I am in the middle of an ongoing experiment, where in I am trying to get a Bluetooth headset to work simultaneously with my windows mobile phone and also my PC. I recently got my hands on a Nokia BH-209 headset, I tested the audio quality on the and its amazing! I tested it with skype by pairing it with my PC and the voice clarity is brilliant. I have always been searching for a good reason to ditch my table Mic and this headset maybe the one.

Right now, I am still unable to make it work with both the PC and the phone at the same time, so I need to pair it to the device every time I need to use it. Although pairing is not a tedious process, it still needs some manual labour, like deleting existing devices, adding and re-pairing. Almost a 5 minute task every time I want to use it. I want to avoid this hassle. Yes I am lazy.

The basic idea behind my experiment is simple, fake the connection. Make the headset think that is communicating its my phone, a spoof attack sort of a thing. My knowledge in bluetooth is limited so my initial plan of action was to follow these steps, spoof the mac of the bluetooth dongle on my pc so that it is the same as that of my phone, then change the device class of my PC from Computer -> Desktop to Computer -> Palm (My phone is the imate version of the htc wizard with windows mobile 2005) and finally find the secret authentication key between the phone and the headset.

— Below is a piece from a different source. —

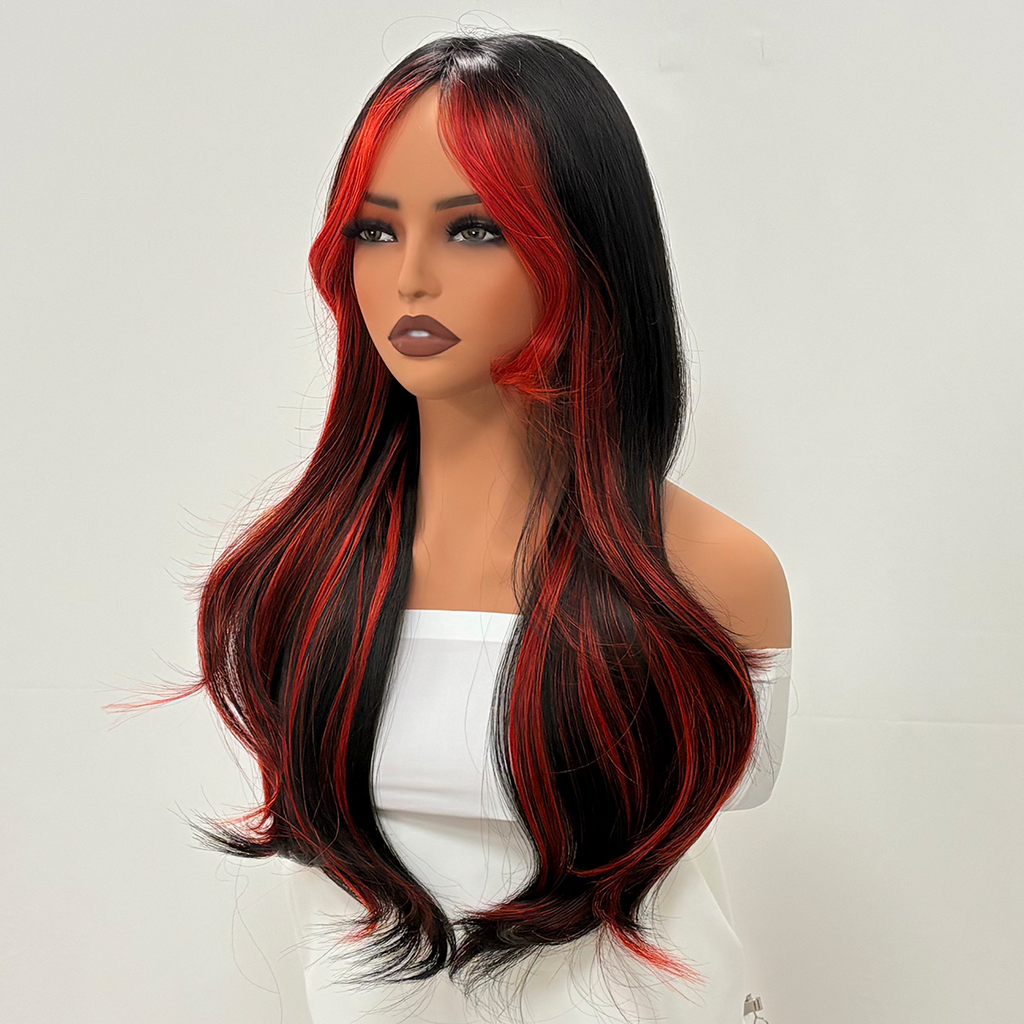 Peluca de 66 centímetro con Mechas Balayage  Fleco en ‘V’ • Ondas Naturales  Para Diario, Fiesta, Viajes  ¡Incluye Opciones para Halloween y Día de Muertos!  Colores Disponibles: Rojo Vibrante, Azul Eléctrico, Morado Mystic y Más  ENVÍO GRATIS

Once I get that I can emulate the phone on the pc and try to connect to it. Unfortunately there are any tools available in windows to do some serious work. The tools that we generally use to change the MACs of network cards like SMAC or A-MAC will not work with bluetooth adapters, so I had to come to Linux.

The first step was to change the Bluetooth hardware address of my bluetooth dongle. After hours of digging around, I finally found a way to do this. Here it is. I did this in Ubuntu 8.10 Intrepid Ibex, it had all the bluetooth modules already installed, else, install hci and hci related packages on your distro.

Some info first. All bluetooth devices have a hardware address similar to the MAC address for network (NIC) cards. That address is the unique identification information on the dongle. There’s a great tool called bdaddr that allows you to change the BD_ADDR, the physical address, in your Bluetooth adapter. It works with Ericcson, Cambridge Silicon Radio and Zeevo chipsets. You can download it here: bdaddr. By the way, you must intstall the bluez-utils and libbluetooth-dev packages.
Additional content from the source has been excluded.